Oh well boy do I have several cases of that happening. Two most notorious ones, however. When I was a teen, I had a PS2, with loads of games and two memory cards. I'd keep most of my saves on one, and the bigger ones like Gran Turismo on the second card. I'd also often take the console everywhere with me if I was spending a day at someone else's house, and I was spending a lot of time at my grandma's at that time over school vacations. My little brother, who was then like 5 or 6, would go along with me, but do his own stuff while I played games on the upstairs TV.
One day, when I was playing Need for Speed Most Wanted, pretty close to the end of the game, he kept playing around by running across the room, and I kept telling him to stop. He didn't, and eventually his legs caught on my controller cable, and pulled the entire console down from the TV rack it was sitting on, about 4 feet off the ground. It was an old brick model, so somehow the console itself was fine, but it landed directly on top of the memory card and snapped it in half. Almost all of my savefiles, for many games I had finished or was still playing, were all gone. Immediate angry screaming, and repeated punching of the nearest furniture, but there was nothing to do about it. I set up the videogame again (and my brother NEVER ran around like that again) and it was still working, but I had trouble returning to some games later. To this day, I have never actually finished Most Wanted, despite playing it again several times.
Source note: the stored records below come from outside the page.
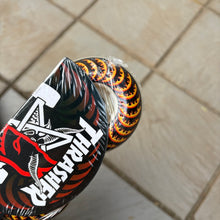 画像をギャラリービューアに読み込む, [SPITFIRE] F4 CLASSIC SHAPE THRASHER X SPITFIRE FLAME - 52mm&nbsp;99DU
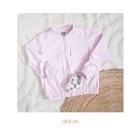pink / 1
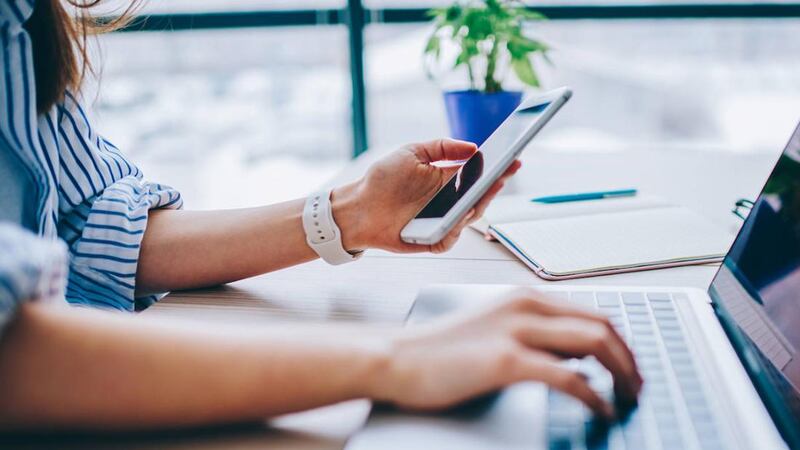 ¿Transferencias bancarias en menos de 20 segundos? Banco de la República busca revolucionar los pagos en Colombia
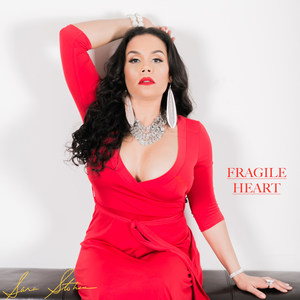 Fragile Heart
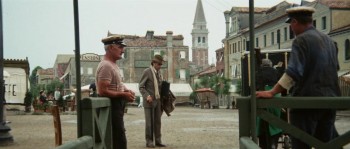 Death in Venice (1971) download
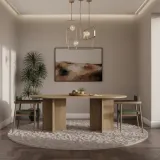 stol-leon-204x90cm-dab-cremona-ksztalt-blatu-owalny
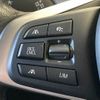 bmw x1 2020 -BMW--BMW X1 3DA-AD20--WBA32AD0105P30376---BMW--BMW X1 3DA-AD20--WBA32AD0105P30376- image 4
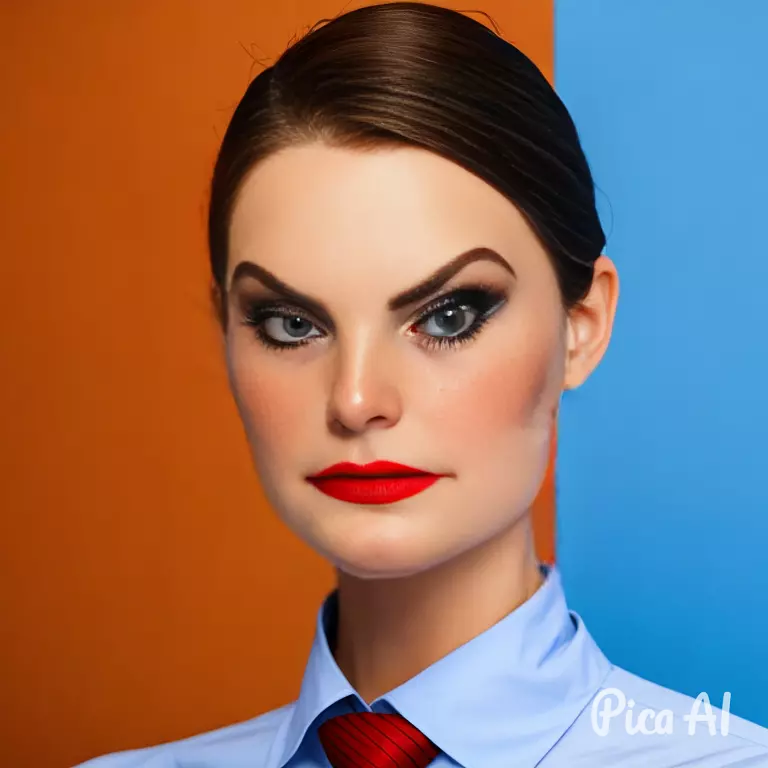 image.png.7a7dd5d62da4ec01297cd0ba3a70bc9f.png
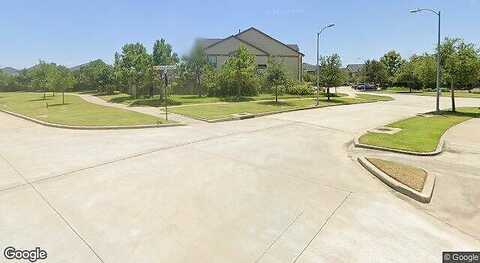Sallow Bay, FULSHEAR, TX 77441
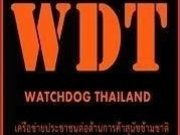 Two Thai men sentenced for killing and skinning dog, then posting pics on Facebook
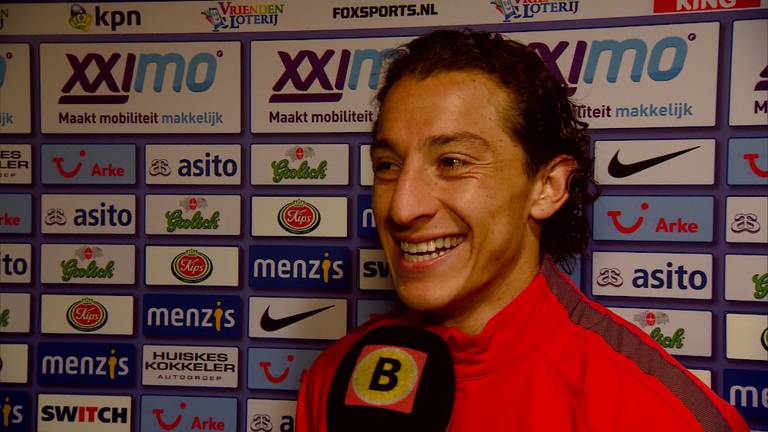 PSV moet nog even op Guardado wachten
Another, separate and much more recent event, I played a LOT of Dark Souls 3 since it released. Finished the game several times, and created 9 characters for invasions PVP at different level ranges, each one with a unique build focused on a different thing. Several hundred hours type deal. BUT, I never finished the DLCs, because the later areas ran like ass on my old laptop. So, when I finally built a proper gaming PC, I worked at backing up all my stuff that I needed to, and transfer it over. However, Souls games manual save backing up is... annoying and unclear. It's a simple folder with a bunch of numbers and not much else to identify it through. So, comes my surprise when I installed it again on my new PC, and I find out I accidentally saved a much older version of the file over the proper more recent backup. And that since then, I had already formatted the old laptop clean. No screaming this time, just feeling sad.
I've since tried starting a new character again, but playing through the early game areas for the umpteenth time is just not fun for me anymore, so I never got it going again. I'll probably sooner replay Dark Souls 1 than actually see out the end of the DLC on 3.